The projects Meganathan has been tasked with as an intern don’t involve busywork. Quite the opposite, actually. He’s managing critical supply chain initiatives like strategic sourcing for an upcoming Tesla passenger car that will be manufactured in China.
Charles Fobbs (MBA ’20) is spending his days this summer helping Facebook improve its data center processes (Facebook continues to expand its data center infrastructure worldwide). Although internships are a program requirement, Fobbs says he wasn’t necessarily just looking for an internship — instead, he was in search of an experience that would help shape his career.
Ayla Olvera (MBA ’20), an intern at Intel, was also looking for something beyond an internship. She wanted to make global connections across technology and supply chain management that will help her career go international as she gains more experience.
To land some of the most coveted internships in the US, all three full-time MBA students took a different approach. Meganathan applied to open positions on Tesla’s website and was recommended by current Broad students interning there. Fobbs met a Facebook director during a class presentation and stayed late to introduce himself and ask about internship opportunities. Olvera interviewed with several Intel professionals within the company’s Global Reverse Logistics group to secure her spot.
They all agreed that choosing an internship wisely is essential to landing on-the-job experiences that let students assume project ownership, take responsibility for crucial work and try new ideas.

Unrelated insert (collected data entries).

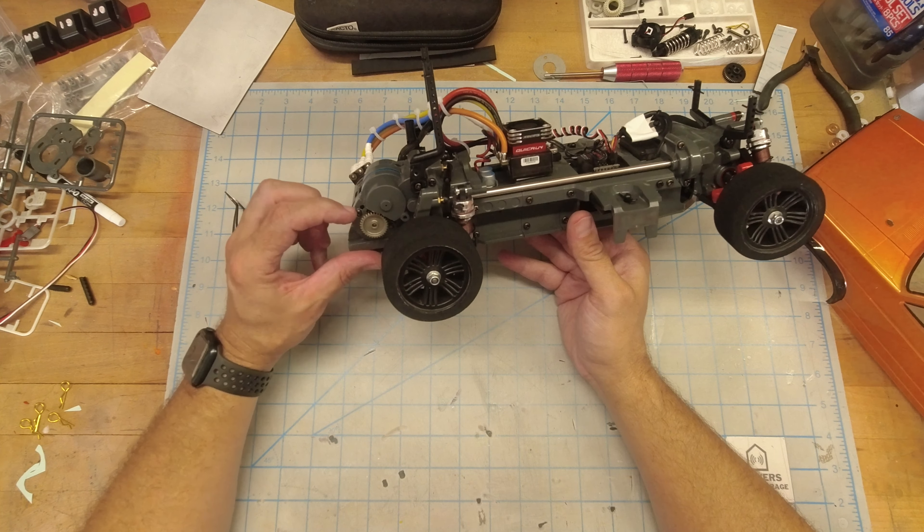I adjusted the steering to get a little toe out. It's not quite perfect — it was a little hard because these aren't the type of turnbuckles that are easy to adjust. I could have swapped them out but I didn't. I put a couple O-rings in here to kind of eat up some of the slop. Worked pretty well — there's still a little bit but there was a lot, so it's better than it was.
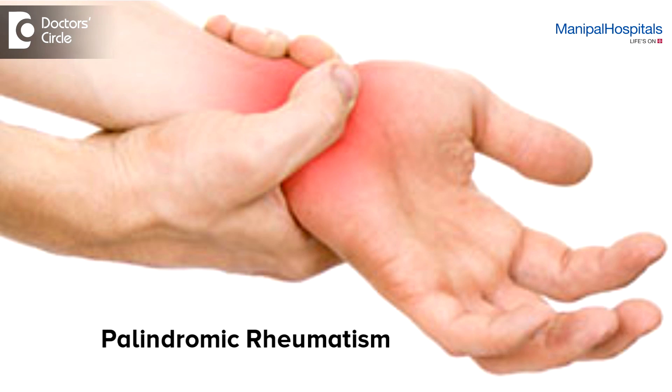They again get another attack, and again they are alright for a few weeks to months. This is what is called Palindromic Rheumatism.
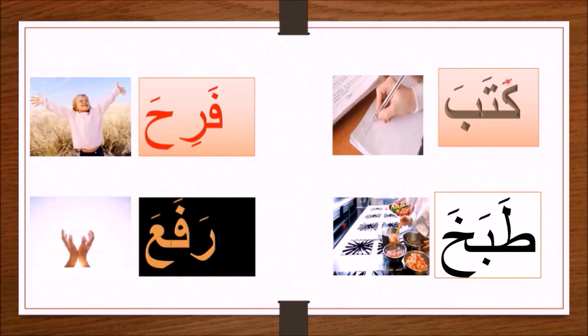Now I shall spell some words using the letters explained in this and the last lecture. The first word: kaf with a fatha — ka; ta with a fatha — ta; and ba with a fatha — ba, coming at the end of the word. All together you have kataba. Kataba means 'he wrote.'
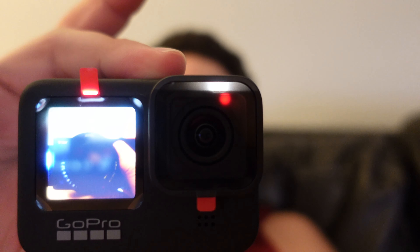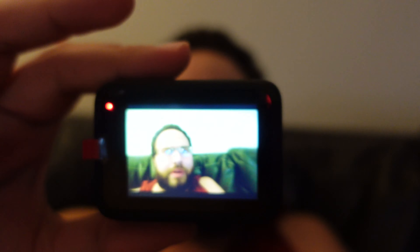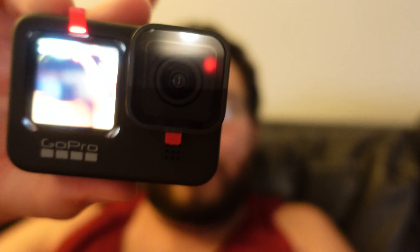Of course, some daylight footage is coming as well, but here's what it looks like right now. I'm really loving the front-facing screen on the GoPro Hero 9 Black — those are my early hands-on impressions. Again, let me know if there's anything in particular you want me to test.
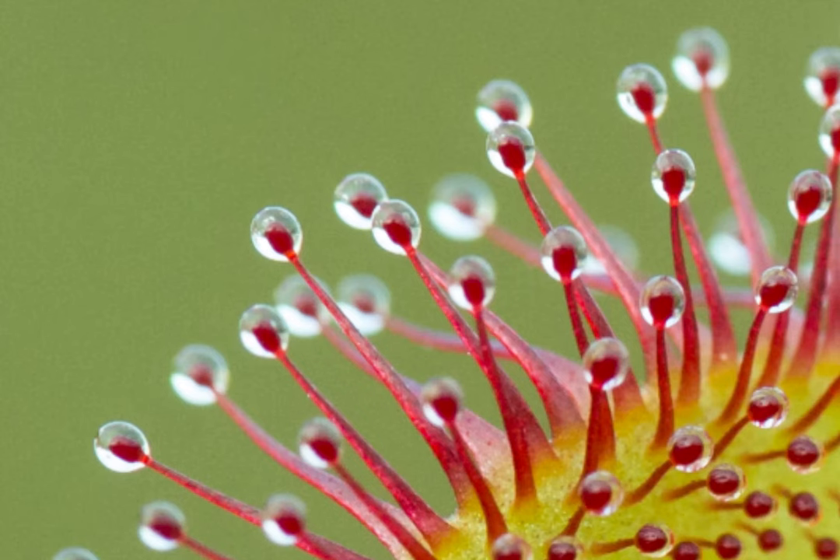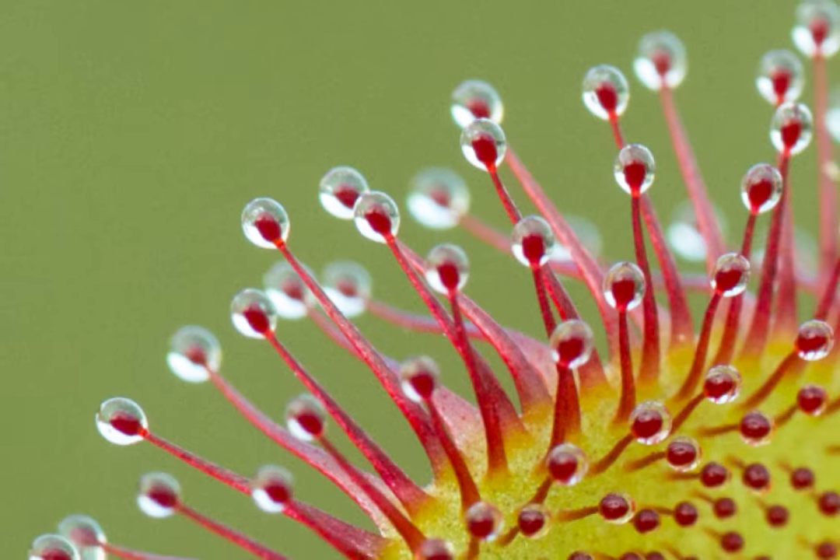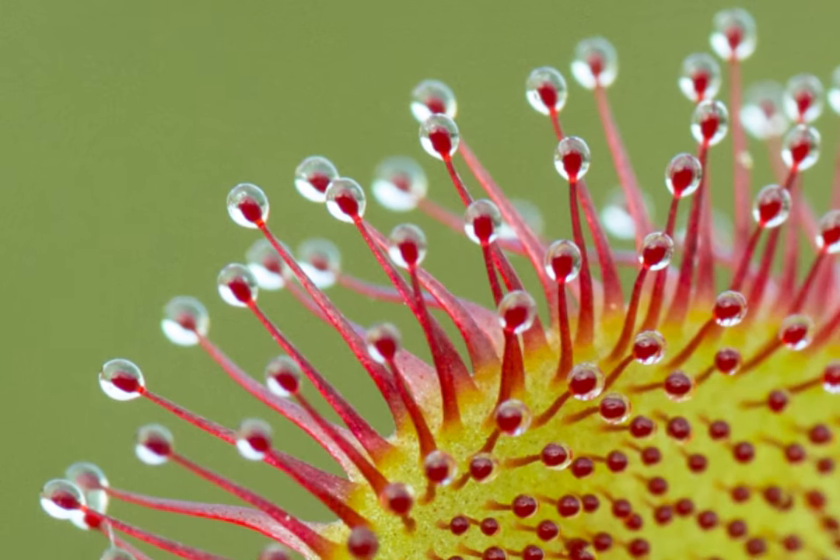Hi, I'm David Chapman and I'm here to reveal the subject of this month's mystery photo. This one's quite a tricky one. I think it almost looks like a sea anemone, but as we begin to zoom out on the photograph you'll see that it isn't. It isn't actually an animal at all — it's a plant.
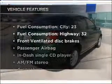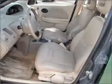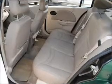Plus, enjoy these notable features that are included in this vehicle: air conditioning, power door locks, power windows, power steering, an AM-FM stereo with a CD player, and an adjustable tilt steering wheel.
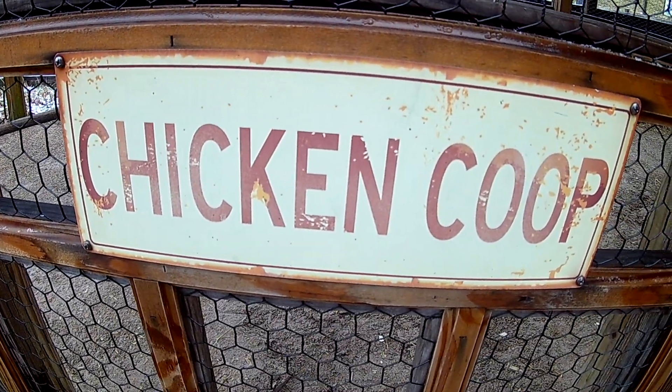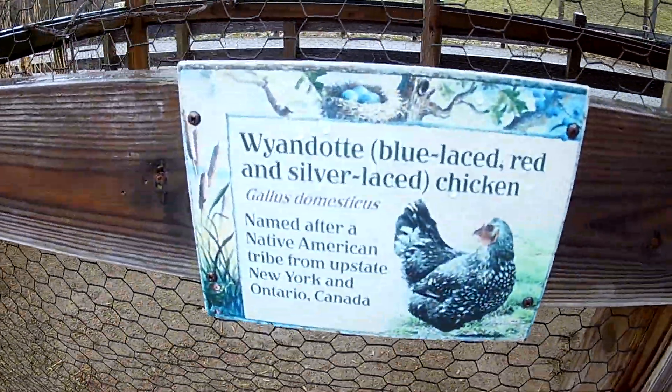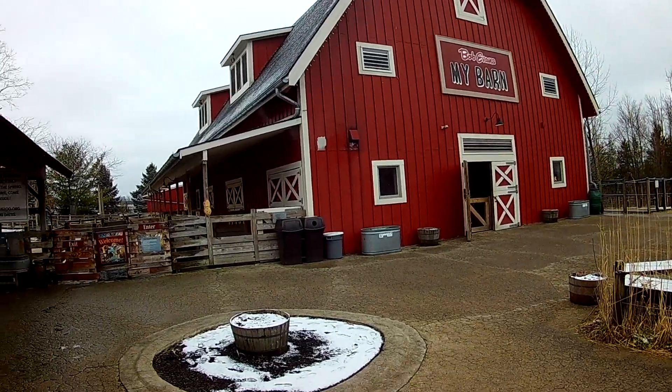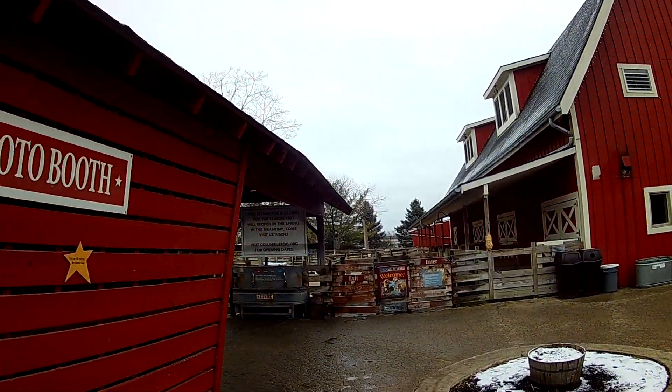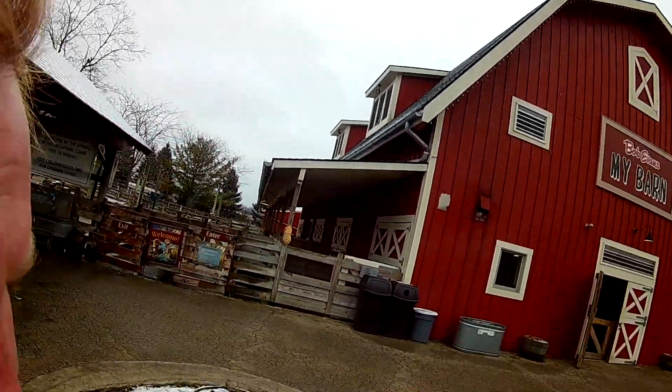Boogard Ripple here at Columbus Zoo, Sunday afternoon, January 27th. Got the Bob Evans barn to ourselves it looks like for the time being. Let's walk in there and look at the goats — I don't see any pigs on display.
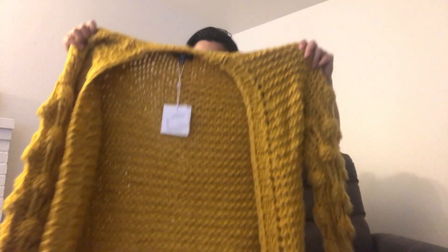It's really more of an un-bagging haul but anyways, let's get my thumbnail. Sorry you guys have to watch this, this is so cringe. Anyways, the first thing I got was this cute mustard oversized knit cardigan.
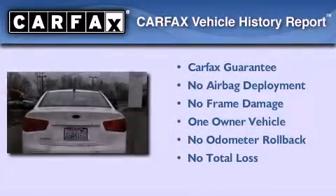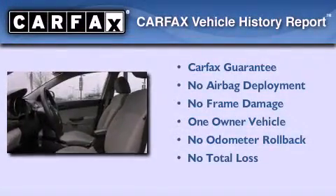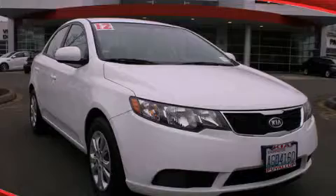This Kia has had only one owner, and it qualifies for the Carfax Buyback Guarantee. Contact us today to schedule your opportunity to see this automobile in person.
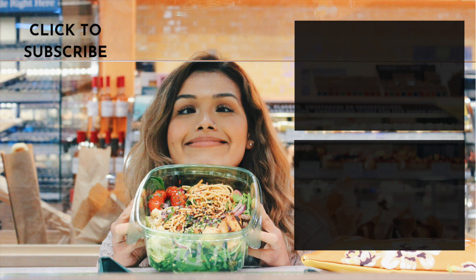Alright you guys, that was my Whole Foods taste test — so exciting! If you guys enjoyed this video and want to see more taste tests, let me know what I should taste test down below. Thank you guys for watching, and I will see you next time. Bye!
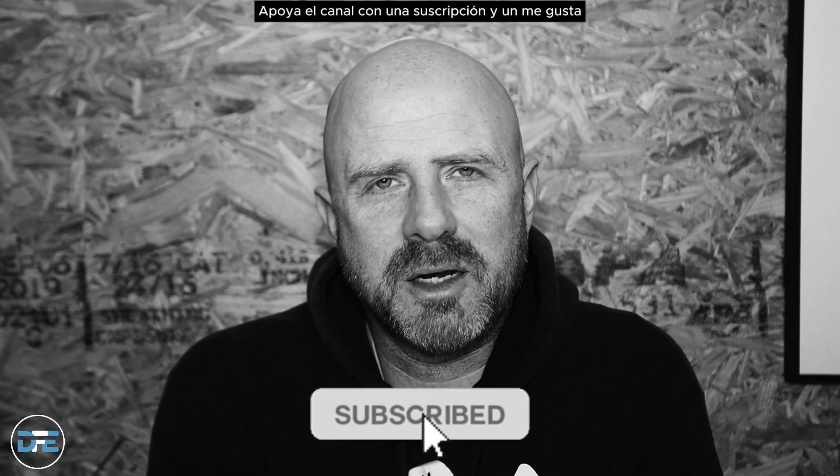Please, if you have a moment, support the channel with a subscribe and a like. If you have any questions, feel free to put them in the comments and I'll answer them as soon as possible. Thanks for checking out the channel.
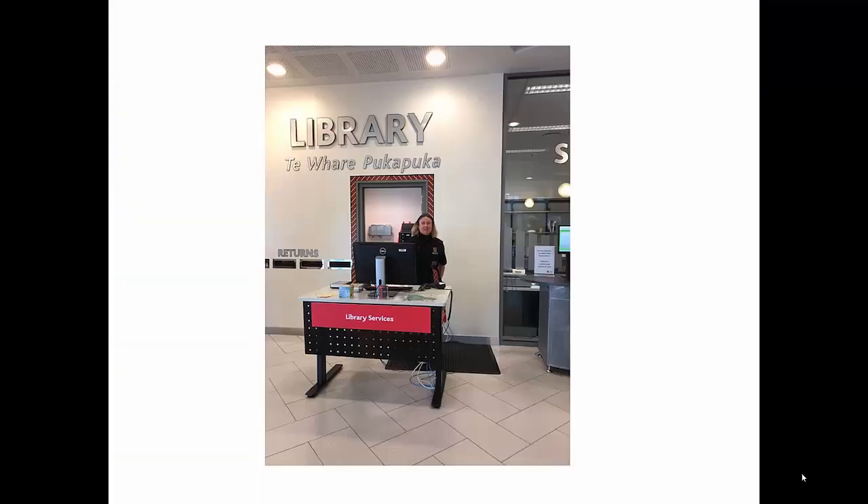On Level 2 of the Student Centre, as you come in, is our General Library desk. This is where you go for all collection-related information, such as using the high-demand collection, paying your fines, and that sort of thing.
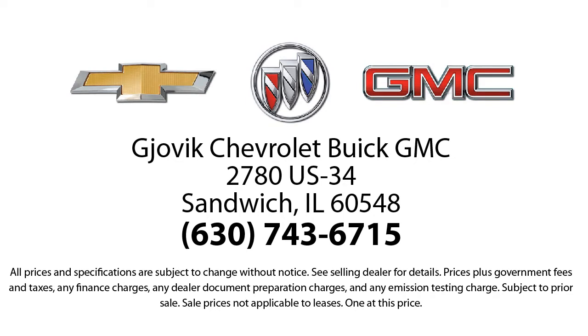Our underlying commitment and loyalty to our customers has earned us both the 50-year Chevrolet dealer award and the 25-year Buick dealer award. So stop by today and experience our friendly country atmosphere for yourself.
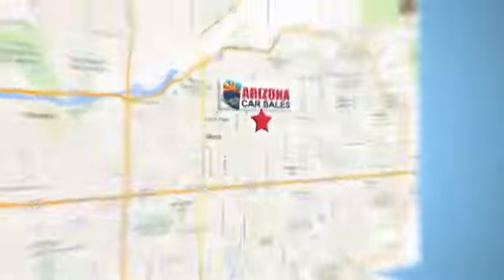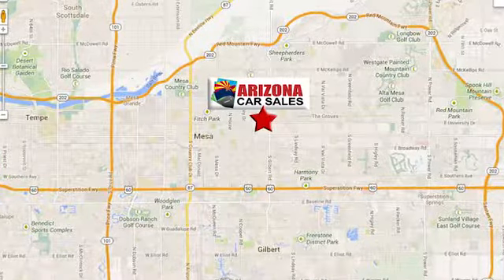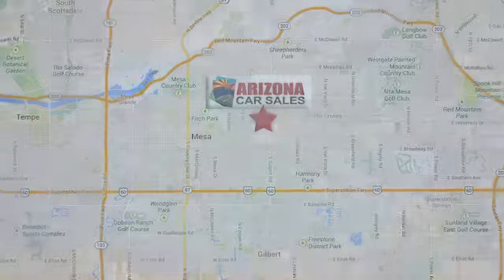At Arizona Car Sales, you won't find a better vehicle for a better price. Conveniently located at 1648 East Main Street in Mesa, Arizona.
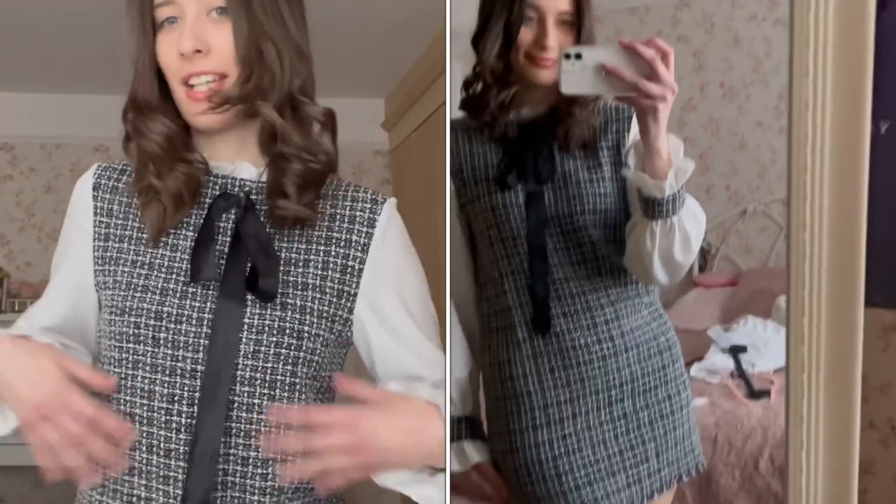I absolutely love this dress — it's tweed and it's got a built-in shirt with it and a belt. It annoys me so much when my hair just sticks onto my face. But yeah, I love this, it's really nice. It's from Shein.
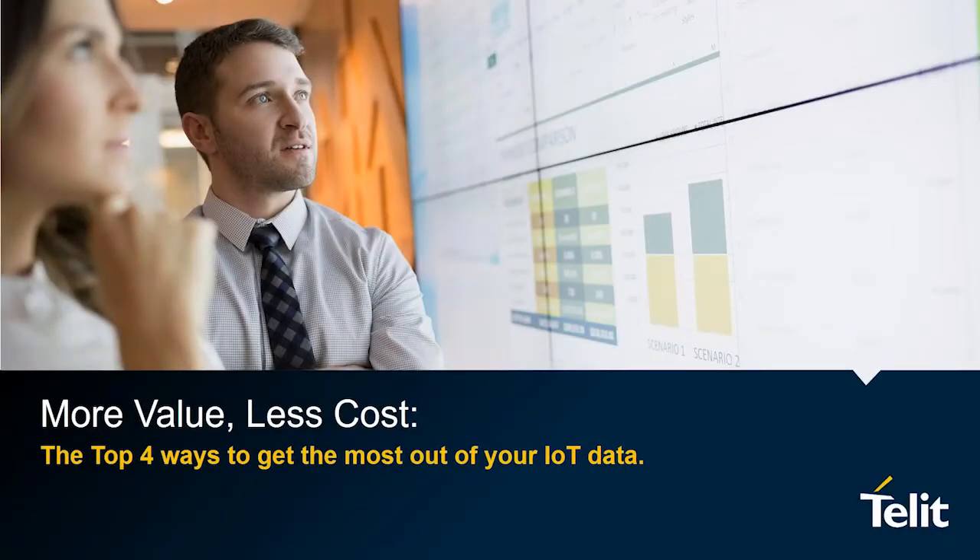Broadcast is now starting. All attendees are in listen-only mode. Hello everyone, and welcome to this Telet webinar: More value, less cost — the top four ways to get the most out of your IoT data.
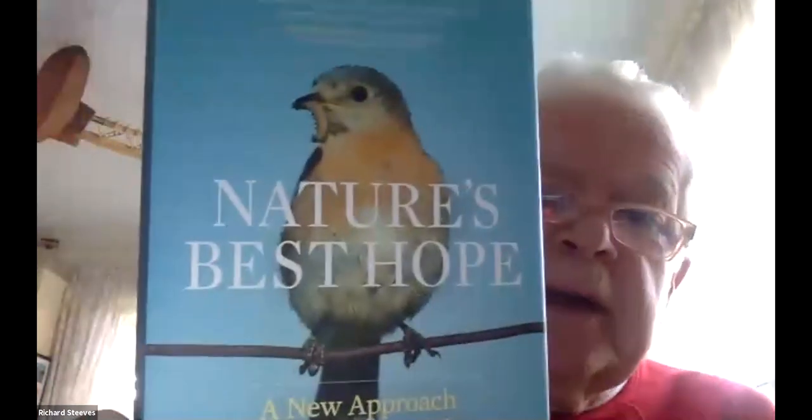Good morning, everyone. It's almost 10 o'clock — we have 14 attendees already, that's great. I'm just going to show you, before I switch to the slides, the cover of this book we're going to be talking about this morning. It's called Nature's Best Hope. It looks like a bluebird on the cover, which we'll see a different picture of, taken by the author Douglas Tallamy.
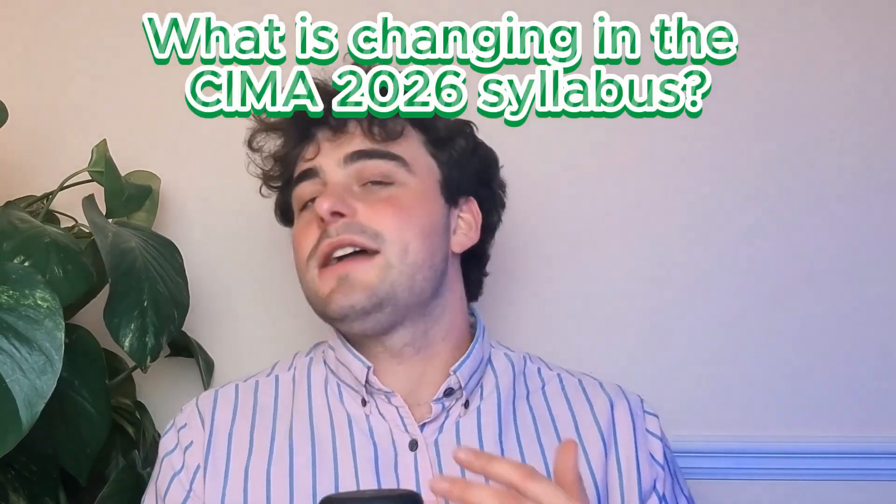So what has actually changed in the syllabus? Here are the main themes across the 2026 blueprint. Firstly, we have clearer learning outcomes. These have been updated for precision and are not specifically a content change, but they are going to impact the way that your questions are asked to you. Next, we have a content update: generative AI has been added to E1, P1, and P3.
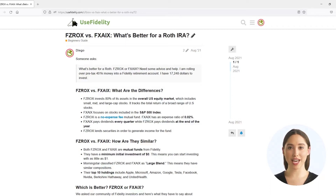Hey guys, welcome back to our YouTube channel. If you're new here, my name is Anna and I am one of the contributors at UseFidelity.com. I recently received a question from one of our members.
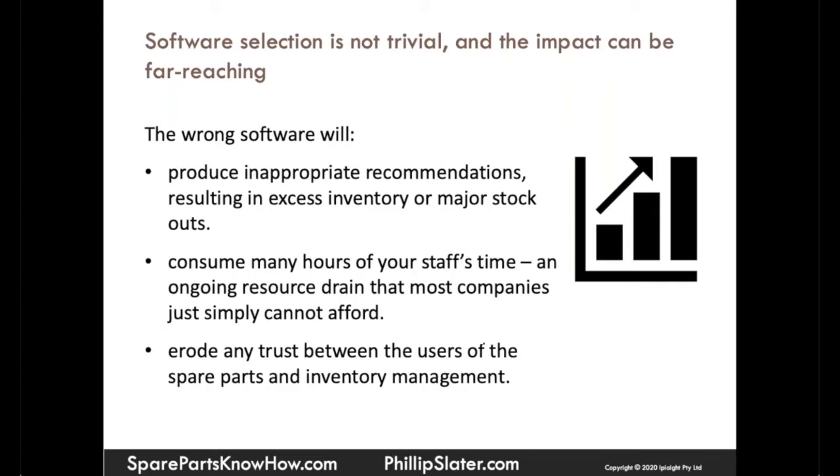The impact of selecting the wrong software is far-reaching. Yes, you may well spend money that you ought not have spent, but that's probably the least of your concerns about selecting the wrong software.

By researching available opportunities and speaking to other Broad MBA students who interned at the firms he was interested in, Meganathan found exactly what he was looking for. “Interns here are treated like full-time employees,” he said. “I was given projects on the second day and am learning on the job. I’m given projects that full-time employees would have worked on in my absence. There’s been no situation where my ideas and decisions weren’t valued just because I was an intern.”
When Olvera landed her internship at Intel, she worried about whether she could meet with the high-level executives she hoped to network with. Instead, she’s had the opposite experience. “I’ve been able to reach out to new contacts across groups and across oceans to set up calls and get help with my projects, regardless of my tenure with the company,” she explained.
Working at a fast-paced company like Facebook has given Fobbs the break he was looking for as well. “Instead of keeping the pace, I’m setting the pace,” he said. “Considering how fast we move, I’m surprised at how efficient meetings are and the fact that emails are reserved for ‘when necessary.’”
To help MBA internships play out successfully, Olvera said she has learned some valuable lessons: “Start networking as soon as you start the program, don’t be afraid to connect and message new LinkedIn contacts, and start practicing your pitch and interviewing as soon as you can. And don’t take rejection personally. It’s all part of business.”